Anjney Midha has a long-standing mission: use AI to improve end-of-life care. His journey began at Stanford Med, where he grappled with a stark contrast between Western and Eastern cultural approaches to death. In America, the prevailing medical view treats death as an enemy, something to be delayed and postponed, regardless of patient quality of life or cost.

This cultural bias, Midha explains, is reinforced by the medical malpractice system. Physicians, wary of legal repercussions, often err on the side of caution with diagnoses, leading to startlingly vague prognoses for terminal patients. “Even to this day, physicians in the United States often will tell you when you have a terminal disease, this is your we we've diagnosed you, which is great... You have somewhere between 6 months to 6 years to live,” Midha notes. What do you do with that information? He argues the error bars are so high that patients default to cultural norms rather than making truly informed choices. This imprecision traps patients in prolonged, low-quality care, driving up costs while diminishing dignity.

AI's Untapped Potential: Beyond Human Error Bars

Midha believes AI holds the key to breaking this cycle of uncertainty and cultural default. His core insight is simple: AI, given the right data, can offer far more precise predictions. “Could you have an AI system make a recommendation that is orders of magnitude more precise about how much time you have left once you've been diagnosed with a terminal condition than a human?” he asks. He believes the answer is a resounding yes.

The foundation for this capability already exists in rare pockets. Stanford, for example, boasts “one of the only research facilities in America that has a longitudinal patient data set that's larger at scale. I think it's at least 12 million patient lives.” This kind of extensive, long-term patient data is exactly what an AI system needs to train on and reduce those "6 months to 6 years" error bars to something far more actionable. With that level of precision, Midha envisions a future where patients are truly empowered to make decisions tailored to their remaining time.

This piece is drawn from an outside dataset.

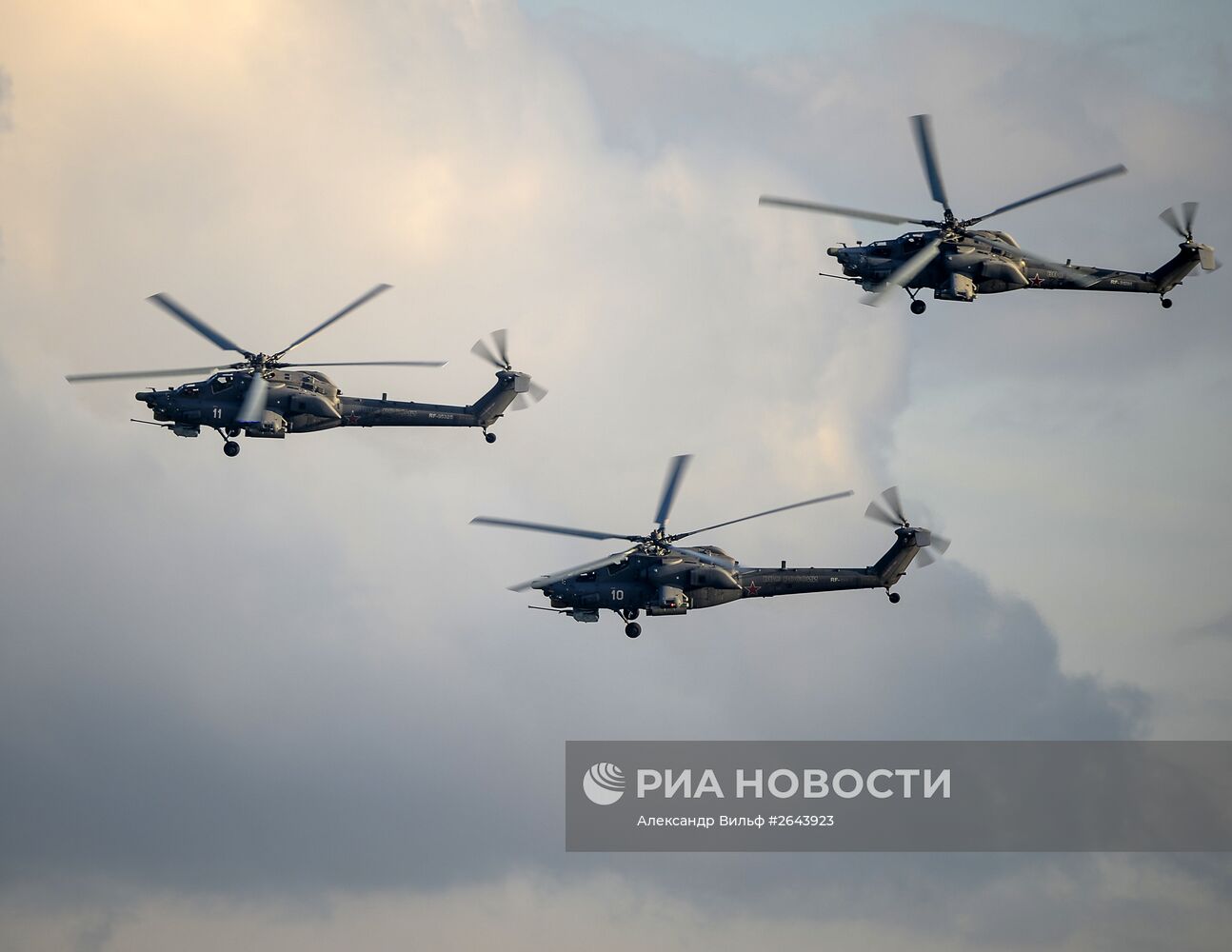 Демонстрационная программа Международного военно-технического форума "Армия-2015"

The Regulatory Wall Blocking Better Care

For all the technological promise, the biggest roadblock isn't the AI itself, but the legal framework it operates within. “The problem remains then and now is regulatory,” Midha states plainly. The American legal system isn't set up to shift accountability for a clinical diagnosis from a human physician to an AI system. If an AI gives a patient a prognosis, and that prognosis turns out to be inaccurate, who is liable? Currently, that burden falls squarely on the physician.

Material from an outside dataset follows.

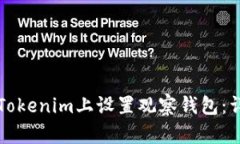 如何在Tokenim上设置观察钱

Until laws evolve to accommodate this shift, even a superior AI system, capable of saving lives and improving quality of life, remains sidelined. Innovators might build algorithms with unprecedented accuracy, but without a clear path for legal responsibility, those systems cannot move from research labs into widespread clinical practice where they could fundamentally change end-of-life care for millions.

What to Do With This

If you're building an AI product meant to influence high-stakes human decisions, don't just optimize for accuracy. Instead, spend time mapping the "liability ledger" for your target industry. Identify where current human professionals shoulder the burden of error, and critically assess if your AI can (or should) legally and culturally assume that responsibility. A superior algorithm doesn't matter if the legal system can't process its output.